“The Best Book About the Iraq War Isn’t About the Iraq War”

Douglas Ollivant, a retired US Army officer who served two tours in Iraq, and a former National Security Council Director and Senior Advisor in Afghanistan, wrote this review for War on the Rocks  (June 30, 2016):

Iraq veterans finally have their book; a manuscript that really deals with the whole of the Iraq experience. After over a decade at war in Iraq, we now have the best first-person account, not only of fighting against the insurgency, but also what it felt like to come home after. The book gives the most vivid account of what it is like to return to a society that doesn’t understand or support your war. It also draws some conclusions about what this all means for the larger Middle East.

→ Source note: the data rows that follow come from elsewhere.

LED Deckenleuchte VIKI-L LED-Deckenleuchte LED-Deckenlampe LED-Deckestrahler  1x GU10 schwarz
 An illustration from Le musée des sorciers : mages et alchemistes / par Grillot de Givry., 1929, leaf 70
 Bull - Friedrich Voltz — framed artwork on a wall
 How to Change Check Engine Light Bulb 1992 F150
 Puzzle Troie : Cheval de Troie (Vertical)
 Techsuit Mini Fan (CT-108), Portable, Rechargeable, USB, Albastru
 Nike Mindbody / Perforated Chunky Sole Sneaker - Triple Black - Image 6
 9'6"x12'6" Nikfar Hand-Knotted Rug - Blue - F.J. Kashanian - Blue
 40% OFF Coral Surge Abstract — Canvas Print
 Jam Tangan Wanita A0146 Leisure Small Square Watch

But the best book about the Iraq War isn’t actually about the Iraq War. In Pumpkinflowers, Matti Friedman tells the story of a small outpost — called the Pumpkin, thus the title (“flowers” refers to the code word for wounded soldiers) — during the unnamed Israeli occupation of Lebanon’s “security zone” in the 1990s. The many clear parallels between these two experiences are, quite frankly, haunting. While the two experiences are not identical, they appear plagiarized from each other.

[…]

Matti Friedman has done a great service in helping Americans understand our own unpopular and ambiguous war by giving us the lens of Israel’s unpopular and ambiguous war. That his own purpose doubtless has more to do with his own demons is beside the point. I cannot recommend this work enough to those who want to understand the American experience in Iraq through the experience of another nation. This is true regardless of whether one reads despite having no experience in Iraq, or because one is burdened by it.